* [TASK REQUIREMENTS] Among the lines below, tally those that contain "Kitchen" and respond with the total only.

/---

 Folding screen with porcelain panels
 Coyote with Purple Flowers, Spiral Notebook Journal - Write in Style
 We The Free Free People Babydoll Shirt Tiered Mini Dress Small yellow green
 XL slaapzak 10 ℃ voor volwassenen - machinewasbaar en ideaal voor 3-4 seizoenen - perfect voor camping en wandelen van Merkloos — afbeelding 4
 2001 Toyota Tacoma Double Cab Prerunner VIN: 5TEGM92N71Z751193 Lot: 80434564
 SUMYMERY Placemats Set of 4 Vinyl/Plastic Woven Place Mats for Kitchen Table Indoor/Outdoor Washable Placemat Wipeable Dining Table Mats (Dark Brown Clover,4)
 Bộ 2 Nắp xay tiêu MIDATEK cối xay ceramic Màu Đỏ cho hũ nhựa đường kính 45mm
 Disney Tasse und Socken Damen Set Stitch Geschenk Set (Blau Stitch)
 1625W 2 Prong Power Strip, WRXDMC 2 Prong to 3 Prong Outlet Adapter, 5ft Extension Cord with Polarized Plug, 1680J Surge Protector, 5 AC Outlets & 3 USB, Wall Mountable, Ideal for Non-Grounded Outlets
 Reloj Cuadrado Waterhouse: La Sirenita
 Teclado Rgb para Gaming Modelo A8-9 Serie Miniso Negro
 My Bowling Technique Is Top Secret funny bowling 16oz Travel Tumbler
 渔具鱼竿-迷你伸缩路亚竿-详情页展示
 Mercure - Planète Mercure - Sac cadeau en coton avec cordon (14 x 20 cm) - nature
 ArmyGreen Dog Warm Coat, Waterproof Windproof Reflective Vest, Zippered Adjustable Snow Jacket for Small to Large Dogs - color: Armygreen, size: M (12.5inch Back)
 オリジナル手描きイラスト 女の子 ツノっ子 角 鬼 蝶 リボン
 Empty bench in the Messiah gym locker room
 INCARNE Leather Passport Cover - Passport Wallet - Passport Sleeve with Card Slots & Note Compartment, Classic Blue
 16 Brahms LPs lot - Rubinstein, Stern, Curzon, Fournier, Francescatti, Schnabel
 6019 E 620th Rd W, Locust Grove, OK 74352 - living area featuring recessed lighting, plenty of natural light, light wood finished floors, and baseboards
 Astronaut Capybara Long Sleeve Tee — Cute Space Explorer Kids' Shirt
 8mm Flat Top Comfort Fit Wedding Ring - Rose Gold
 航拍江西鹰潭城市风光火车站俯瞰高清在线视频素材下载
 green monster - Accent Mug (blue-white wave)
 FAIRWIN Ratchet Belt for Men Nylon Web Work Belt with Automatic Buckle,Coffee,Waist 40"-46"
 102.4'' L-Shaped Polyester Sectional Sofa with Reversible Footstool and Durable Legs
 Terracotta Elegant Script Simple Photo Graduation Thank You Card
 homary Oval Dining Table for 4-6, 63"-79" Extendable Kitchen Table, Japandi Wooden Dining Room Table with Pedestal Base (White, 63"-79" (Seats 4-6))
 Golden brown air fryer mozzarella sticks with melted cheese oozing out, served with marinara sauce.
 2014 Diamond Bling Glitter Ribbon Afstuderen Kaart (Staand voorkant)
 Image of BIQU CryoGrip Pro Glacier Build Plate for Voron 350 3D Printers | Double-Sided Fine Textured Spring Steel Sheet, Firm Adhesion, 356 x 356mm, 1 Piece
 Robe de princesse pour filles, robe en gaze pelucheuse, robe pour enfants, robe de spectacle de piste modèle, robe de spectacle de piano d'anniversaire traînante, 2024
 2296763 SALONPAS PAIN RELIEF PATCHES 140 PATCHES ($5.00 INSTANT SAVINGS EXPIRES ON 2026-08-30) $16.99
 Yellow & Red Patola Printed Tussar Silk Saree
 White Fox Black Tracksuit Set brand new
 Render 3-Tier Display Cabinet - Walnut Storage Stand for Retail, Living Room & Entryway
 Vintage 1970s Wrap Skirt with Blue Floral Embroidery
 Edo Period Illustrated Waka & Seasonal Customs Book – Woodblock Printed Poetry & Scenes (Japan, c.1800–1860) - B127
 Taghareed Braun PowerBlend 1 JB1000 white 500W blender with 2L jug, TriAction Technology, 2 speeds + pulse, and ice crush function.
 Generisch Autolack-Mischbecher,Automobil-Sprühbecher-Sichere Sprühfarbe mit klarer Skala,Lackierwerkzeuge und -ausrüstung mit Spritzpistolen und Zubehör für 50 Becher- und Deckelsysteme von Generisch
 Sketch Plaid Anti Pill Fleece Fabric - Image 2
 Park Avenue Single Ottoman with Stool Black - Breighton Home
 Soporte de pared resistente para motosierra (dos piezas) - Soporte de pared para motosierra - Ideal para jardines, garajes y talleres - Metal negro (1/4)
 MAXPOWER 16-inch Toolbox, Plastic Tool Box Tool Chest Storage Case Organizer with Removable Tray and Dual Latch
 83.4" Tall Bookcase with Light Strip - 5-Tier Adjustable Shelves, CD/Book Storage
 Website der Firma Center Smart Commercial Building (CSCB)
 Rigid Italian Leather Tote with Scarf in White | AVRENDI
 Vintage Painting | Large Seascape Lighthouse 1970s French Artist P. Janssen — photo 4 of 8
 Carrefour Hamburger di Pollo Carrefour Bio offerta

\---

* [SOLUTION BELOW] 2